«Já te foi revelado, ó homem, o que é bom, o que o Senhor quer de ti: nada mais do que praticares a justiça, gostar do amor e caminhar humildemente com o teu Deus.» Miq. 6, 8
Ultimamente quase se torna um lugar comum falar da justiça e da misericórdia como dimensões essenciais para viver a fé cristã, no entanto, fica sempre um pouco na penumbra o significado dessa última proposta do Senhor: caminhar humildemente com o teu Deus.
A palavra humildade tem, nos últimos tempos, sido envolta num enorme silêncio. Talvez devido ao antropocentrismo da cultura atual, que não é capaz de reconhecer a pequenez humana perante a infinita grandiosidade de Deus.
A nossa incapacidade de fazer uma análise global e simultânea do mistério humano, faz com que a entrada das ciências humanas na teologia espiritual, tenha, por um lado, de fato, um contributo positivo, realçando a importância da auto-estima num são desenvolvimento humano e cristão, mas, por outro lado, leva a que se releve para segundo plano aquela pretendida humildade, que constitui um dos rasgos evangélicos mais inconfundíveis, base e fundamento de todas as virtudes, já que a raiz de todo o pecado continua a ser o orgulho: esse eterno querer apropriar-se daquilo que recebemos como dom!

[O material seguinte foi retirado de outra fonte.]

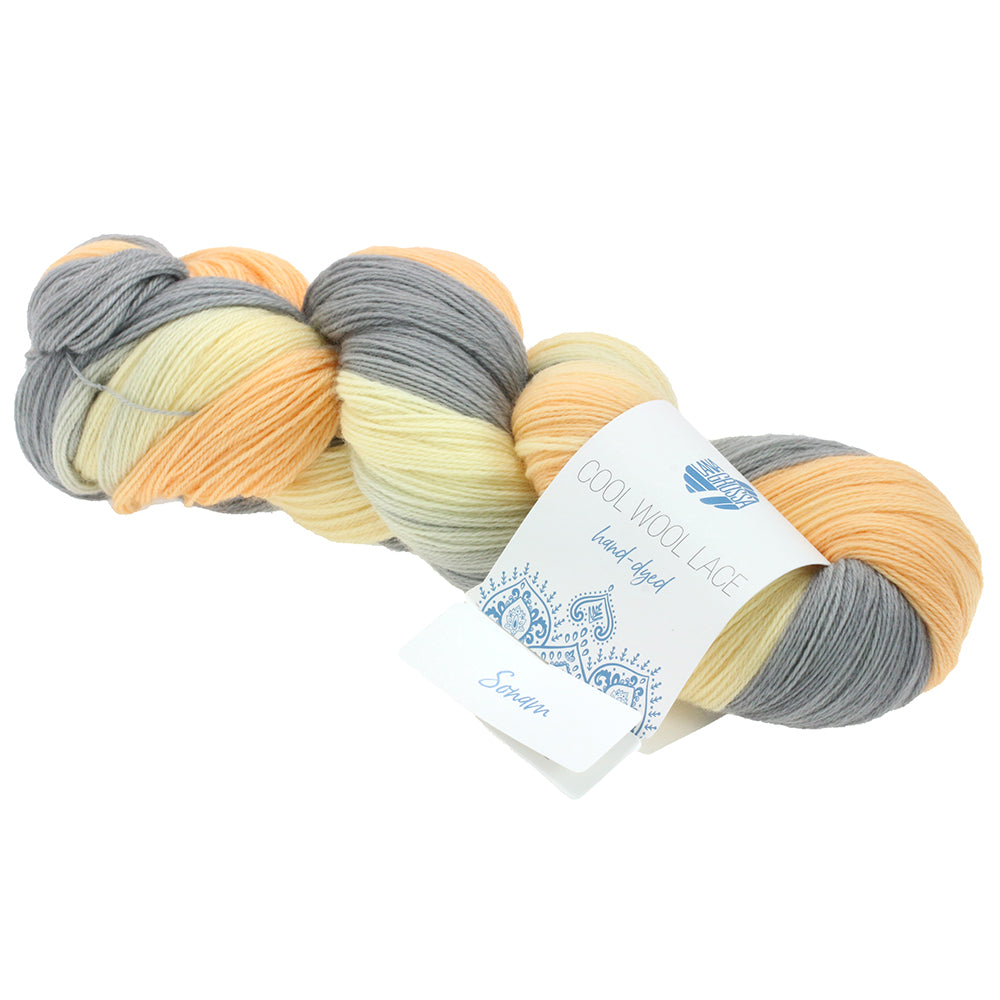 Cool Wool Lace hand-dyed 100g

Não são necessárias ofertas valiosas, nem grandes sacrifícios, senão, simplesmente, caminhar, fazer processo, avançar para a meta que Ele nos aponta, a plenitude para a qual Ele nos projetou. Não nos é pedido para caminhar no intuito de subir ao podium, como tanto gostamos, mas antes para irmos caminhando com passos prudentes… mas firmes, decididos… mas sensíveis, confiantes… mas humildes! Não com a violência de atingir um objetivo, mas atraídos pela pessoa de Jesus que dinamiza o nosso andar. A energia necessária para este movimento brota do próprio Senhor que Se põe a caminho connosco, carregando-nos no colo sempre que falha a coragem, a confiança… o amor!
Ele é o caminho. Temos de ser como o cego Bartimeu, que estando sentado na beira do caminho, porque a sua cegueira o justificava, passou a segui-l’O quando recuperou a vista. Descobriu Jesus, acreditou n’Ele [‘a tua fé te salvou’] e pôs-se em marcha seguindo Aquele que tinha enchido a sua vida de sentido.

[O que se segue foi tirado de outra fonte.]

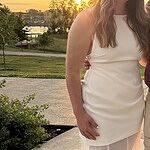 Modern Art Maxi Dress White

Se a fé é semente e vivê-la supõe começar um processo, então, porquê tantos batizados estancam numa fé infantil enquanto vão amadurecendo e crescendo nas outras dimensões da sua vida? Porquê tantos sacerdotes, religiosos/as e leigos cumprem as suas obrigações, trabalham pelo Reino, como se de uma ONG se tratasse, e não avançam nem evoluem na sua relação com Deus?
O caminhar humilde é uma atitude interior que implica uma pequenez aceite, dignidade acolhida, caminhar em verdade com o coração a arder e agradecido pela sua companhia no caminho. (Sta. Teresa)
Só com os olhos postos em Jesus, podemos vislumbrar algo da verdadeira humildade na sua origem. A Encarnação constituiu um despojo daquilo que Lhe era mais próprio – o Seu Ser Deus; não Se apoiou nele mas esvaziou-Se por amor, para nos comunicar a Sua Origem. Não perdeu o Seu Ser divino, mas assumindo a condição humana, não Se degradou nem alienou… expressou de modo inefável aquela que é a essência mesma de Deus – o Amor!
Caminhar humildemente com Deus, não é ir como protagonista à missão, mas com a consciência de sermos instrumentos dóceis nas Suas mãos; é avançar com alegria e gratos por essa permanente companhia e pela energia do Espírito que nos é oferecida; é superar as nossas desconfianças e inseguranças com uma grande confiança naquele que é o Caminho.